Estimates of haplotype frequencies can be used in a variety of ways: to test for multilocus linkage disequilibrium, to test for association between a trait and several markers at once, and to infer the parental haplotypes that an individual receives. Output data sets from the Haplotype Estimation process are used as input for the Haplotype Trend Regression process, in order to further determine the particular haplotype from a set of markers that might be influencing a trait (binary, quantitative, count, or survival). Output data sets can also feed the htSNP Selection process to determine the subset(s) of markers that explain much of the haplotype diversity within a block of strongly associated markers.

What do I need?

One Input Data Set is needed for this process. The samplegmdata.sas7bdat data set used in the following example was computer generated and consists of 1000 rows of individuals with 130 columns corresponding to data on these individuals. There are 2 categorical phenotypic variables (sex and disease status) and 4 quantitative phenotypic variables (Qtrt1, Qtrt2, Qtrt3, and Qtrt4). Genotypes for 60 different markers are presented in the two-column allelic format (ma1 — ma120). This data set is partially shown below.
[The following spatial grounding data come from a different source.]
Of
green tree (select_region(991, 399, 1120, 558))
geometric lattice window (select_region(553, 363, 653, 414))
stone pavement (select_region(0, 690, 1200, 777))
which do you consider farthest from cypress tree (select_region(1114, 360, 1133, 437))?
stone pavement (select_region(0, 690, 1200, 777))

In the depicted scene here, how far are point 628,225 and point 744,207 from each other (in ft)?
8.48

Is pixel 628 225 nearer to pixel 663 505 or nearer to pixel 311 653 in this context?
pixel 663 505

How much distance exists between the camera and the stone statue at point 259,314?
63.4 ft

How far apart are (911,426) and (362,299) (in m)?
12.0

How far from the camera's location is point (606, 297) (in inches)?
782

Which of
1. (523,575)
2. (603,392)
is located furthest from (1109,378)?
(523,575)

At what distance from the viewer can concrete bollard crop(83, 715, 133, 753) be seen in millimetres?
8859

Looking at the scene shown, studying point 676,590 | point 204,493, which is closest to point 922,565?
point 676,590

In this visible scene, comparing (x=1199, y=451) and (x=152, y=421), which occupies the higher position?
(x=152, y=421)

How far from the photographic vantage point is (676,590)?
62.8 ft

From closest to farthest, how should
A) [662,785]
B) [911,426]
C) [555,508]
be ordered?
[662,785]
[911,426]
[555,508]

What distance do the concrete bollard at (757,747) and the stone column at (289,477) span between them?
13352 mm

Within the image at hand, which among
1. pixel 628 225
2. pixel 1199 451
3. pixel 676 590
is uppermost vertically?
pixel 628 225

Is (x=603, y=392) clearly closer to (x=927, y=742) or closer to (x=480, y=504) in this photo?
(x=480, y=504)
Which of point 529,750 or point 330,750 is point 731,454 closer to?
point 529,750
Note that this is a wide data set; phenotypes and markers are listed in columns, whereas individuals are listed in rows.

The second, optional, data set is the Annotation Data Set. This data set contains information, such as gene identity or chromosomal location, for each of the markers. The annotation data set used in this example, the samplemap data set, was computer generated and identifies markers, location and gene identities. A portion of this data set is illustrated below. This data set is a tall data set; each row corresponds to a different marker.
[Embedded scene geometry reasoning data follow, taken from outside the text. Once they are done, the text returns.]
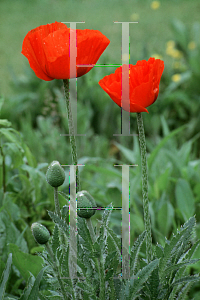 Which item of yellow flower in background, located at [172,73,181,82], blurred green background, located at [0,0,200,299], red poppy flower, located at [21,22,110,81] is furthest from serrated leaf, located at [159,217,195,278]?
yellow flower in background, located at [172,73,181,82]

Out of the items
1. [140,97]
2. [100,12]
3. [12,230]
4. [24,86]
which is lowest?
[12,230]

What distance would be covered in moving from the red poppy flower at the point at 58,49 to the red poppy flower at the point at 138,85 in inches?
2.0

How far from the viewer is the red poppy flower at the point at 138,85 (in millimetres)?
581

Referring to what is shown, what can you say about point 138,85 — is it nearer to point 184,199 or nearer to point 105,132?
point 184,199

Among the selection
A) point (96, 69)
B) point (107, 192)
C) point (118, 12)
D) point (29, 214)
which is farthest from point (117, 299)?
point (118, 12)

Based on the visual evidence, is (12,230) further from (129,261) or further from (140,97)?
(140,97)

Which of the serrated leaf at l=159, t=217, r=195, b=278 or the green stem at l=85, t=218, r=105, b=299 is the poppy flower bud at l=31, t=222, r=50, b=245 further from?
the serrated leaf at l=159, t=217, r=195, b=278

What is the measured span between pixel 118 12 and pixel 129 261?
4344 mm

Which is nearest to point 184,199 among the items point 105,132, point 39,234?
point 39,234

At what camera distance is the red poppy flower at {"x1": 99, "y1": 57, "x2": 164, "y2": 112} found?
22.9 inches

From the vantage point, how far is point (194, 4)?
14.8 ft

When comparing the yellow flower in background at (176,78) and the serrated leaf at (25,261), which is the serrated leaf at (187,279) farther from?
the yellow flower in background at (176,78)

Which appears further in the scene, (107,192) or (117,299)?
(107,192)

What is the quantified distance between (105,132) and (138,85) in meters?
1.70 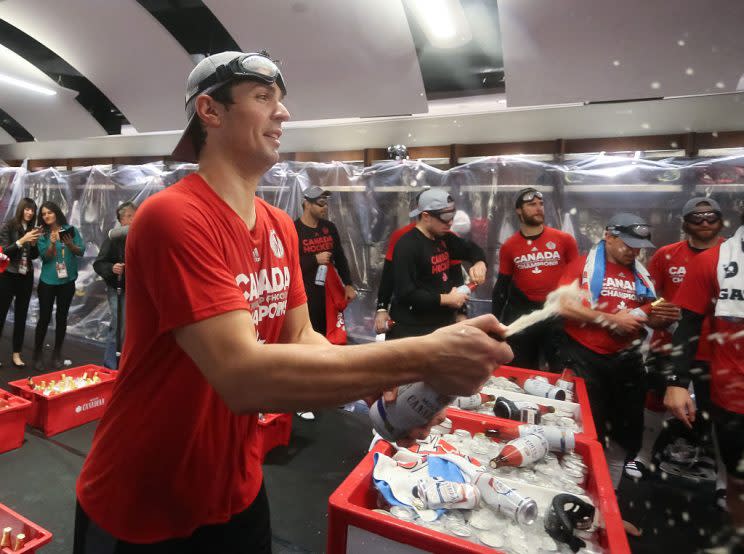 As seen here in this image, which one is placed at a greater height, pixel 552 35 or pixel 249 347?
pixel 552 35

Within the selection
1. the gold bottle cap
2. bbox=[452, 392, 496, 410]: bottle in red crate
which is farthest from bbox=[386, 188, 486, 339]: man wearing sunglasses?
the gold bottle cap

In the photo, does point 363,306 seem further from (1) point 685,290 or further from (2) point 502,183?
(1) point 685,290

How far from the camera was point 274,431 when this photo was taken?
12.6 feet

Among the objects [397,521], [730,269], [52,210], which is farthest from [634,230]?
[52,210]

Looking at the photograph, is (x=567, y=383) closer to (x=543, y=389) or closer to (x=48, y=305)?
(x=543, y=389)

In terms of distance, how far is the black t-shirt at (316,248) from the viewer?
4.72m

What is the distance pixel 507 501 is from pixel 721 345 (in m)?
1.63

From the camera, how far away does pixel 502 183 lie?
4.80m

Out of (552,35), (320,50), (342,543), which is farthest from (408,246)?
(320,50)

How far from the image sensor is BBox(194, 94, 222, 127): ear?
1218 millimetres

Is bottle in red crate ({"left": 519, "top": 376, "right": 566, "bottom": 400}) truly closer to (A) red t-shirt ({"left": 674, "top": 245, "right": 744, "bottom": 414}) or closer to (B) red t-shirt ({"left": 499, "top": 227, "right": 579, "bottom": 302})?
(A) red t-shirt ({"left": 674, "top": 245, "right": 744, "bottom": 414})

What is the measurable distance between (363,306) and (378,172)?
5.31ft

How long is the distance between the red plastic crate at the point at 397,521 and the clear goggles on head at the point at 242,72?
1.37 meters

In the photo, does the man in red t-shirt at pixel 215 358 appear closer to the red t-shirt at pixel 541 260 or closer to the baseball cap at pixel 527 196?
the red t-shirt at pixel 541 260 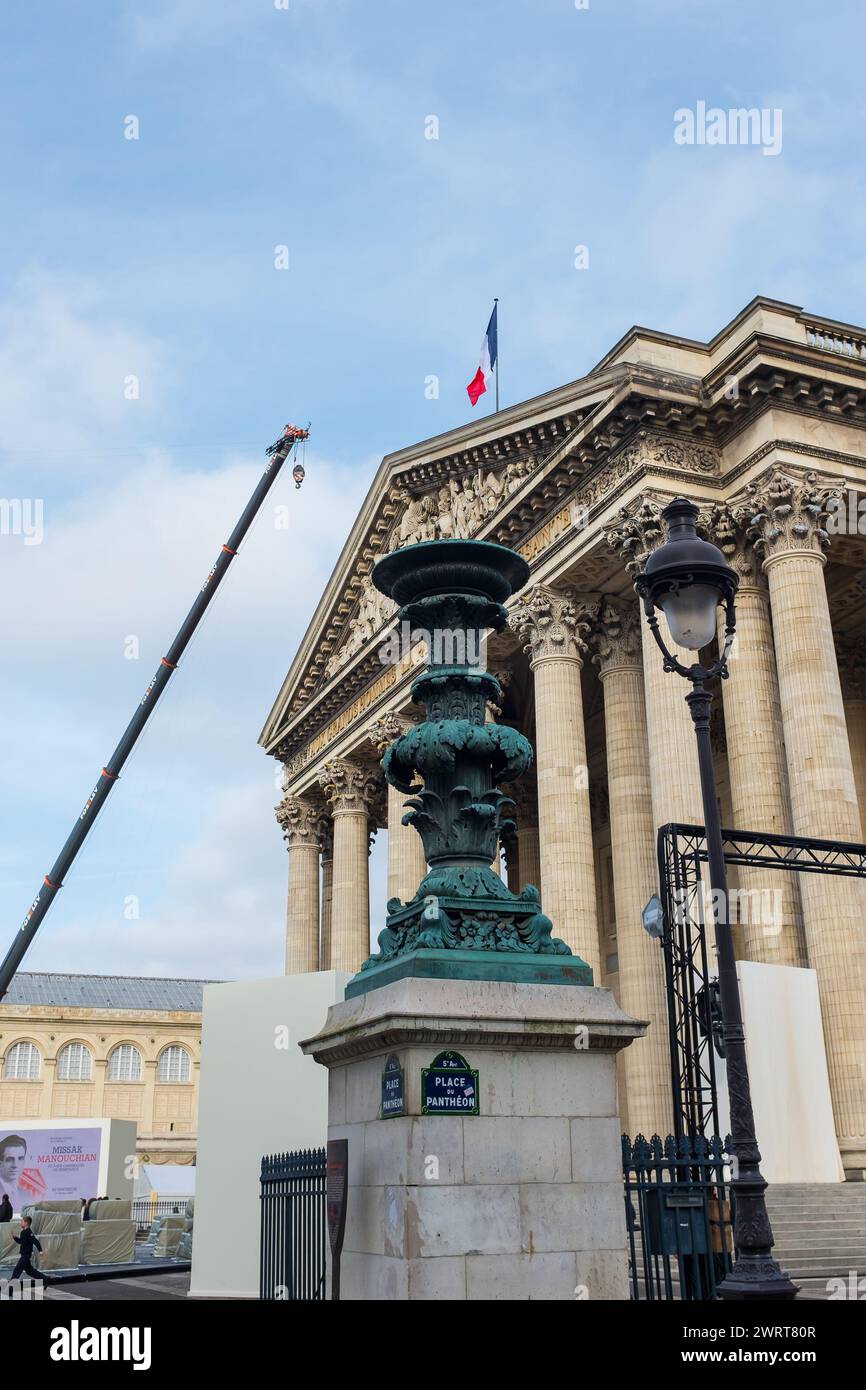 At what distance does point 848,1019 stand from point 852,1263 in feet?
16.3

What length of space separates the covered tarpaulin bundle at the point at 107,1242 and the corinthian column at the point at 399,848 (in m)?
11.1

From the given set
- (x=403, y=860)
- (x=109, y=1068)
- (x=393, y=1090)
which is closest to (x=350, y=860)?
(x=403, y=860)

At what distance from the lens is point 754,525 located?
992 inches

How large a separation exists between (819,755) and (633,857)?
6791 millimetres

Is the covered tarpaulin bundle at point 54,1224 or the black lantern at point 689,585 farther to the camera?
the covered tarpaulin bundle at point 54,1224

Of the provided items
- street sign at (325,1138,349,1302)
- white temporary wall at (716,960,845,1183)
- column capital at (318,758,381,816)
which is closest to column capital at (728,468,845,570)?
white temporary wall at (716,960,845,1183)

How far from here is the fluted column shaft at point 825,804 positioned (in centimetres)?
2134

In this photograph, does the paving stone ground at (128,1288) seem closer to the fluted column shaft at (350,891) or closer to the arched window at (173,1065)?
the fluted column shaft at (350,891)

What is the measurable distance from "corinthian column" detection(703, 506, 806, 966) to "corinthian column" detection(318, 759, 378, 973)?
19450 mm

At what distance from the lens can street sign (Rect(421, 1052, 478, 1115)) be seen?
6391 millimetres

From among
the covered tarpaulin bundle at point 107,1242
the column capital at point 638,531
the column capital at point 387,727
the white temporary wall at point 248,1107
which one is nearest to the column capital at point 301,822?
the column capital at point 387,727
Note: The top-to-bottom order of the rows in the annotation data set matches the left-to-right order of the columns in the input data set. This correspondence is required for markers to be matched appropriately.

Both data sets are described in Data Sets Used in JMP Genomics Processes and are included in the Sample Data folder.

For detailed information about the files and data sets used or created by JMP Life Sciences software, see Files and Data Sets.

Output/Results

The output generated by this process is summarized in a Tabbed report. Refer to the Haplotype Estimation output documentation for detailed descriptions and guides to interpreting your results.